On Tuesday, November 15, 2005 08:55:56 PM -0500 Ron Croonenberg <[EMAIL PROTECTED]> wrote:
Well i have OpenAFS working on OpenSI for a while now. Things seem to work pretty stable, however we needed a "hack" in some SSI filesystem handling when a process migrates to another clusternode. We think we have a good solution for it instead of just a hack. the question is, does AFS have a unique major number ?
Actually, the question you're trying to ask is whether AFS has a reserved major number, such that the device number of a mounted AFS filesystem will be consistent across all systems. The answer is that it does not. In Linux, filesystems which have no physical device backing them are attached to an unnamed device with a device number allocated by the kernel. This number will be distinct from any other block device number in use in the system, but it will not be consistent from one system to the next, or even from one boot to the next.
if (S_ISAFS(inode->i_mode)) { if ((inode->i_ino == path->ino && inode->i_generation == path->generation && par_mount(inode->i_sb->s_ssidev, path->ssidev))) return 1; }
If you are in user mode, the correct way to determine whether two paths represent the same AFS file is to use the VIOCGETFID pioctl to obtain the FID's for each file, and compare them.
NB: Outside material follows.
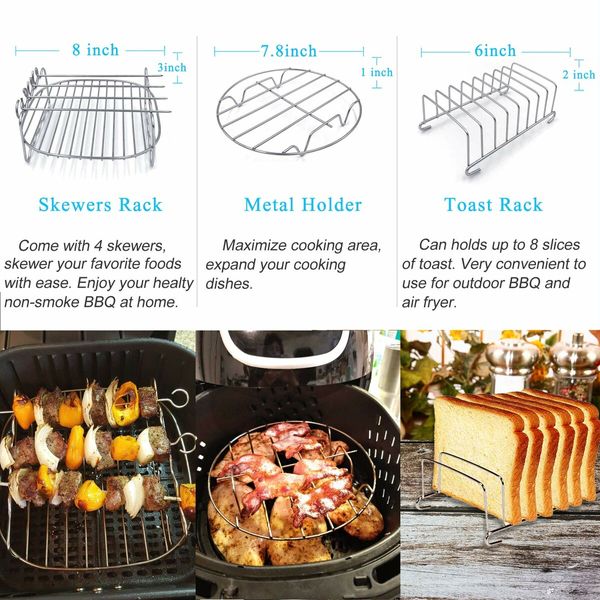 Square Air Fryer Accessories 12 pcs with Recipe Cookbook Compatible with Philips Air Fryer, COSORI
If the file is not in AFS, the pioctl will fail with EINVAL. Note that while there is no interface to obtain the FID of an open file descriptor, in Linux you can cheat by calling the pioctl on /proc/self/fd/N
If you are in kernel mode, you will need access to macros and private data structures belonging to the cache manager in order to determine whether a vnode belongs to AFS and safely extract its FID.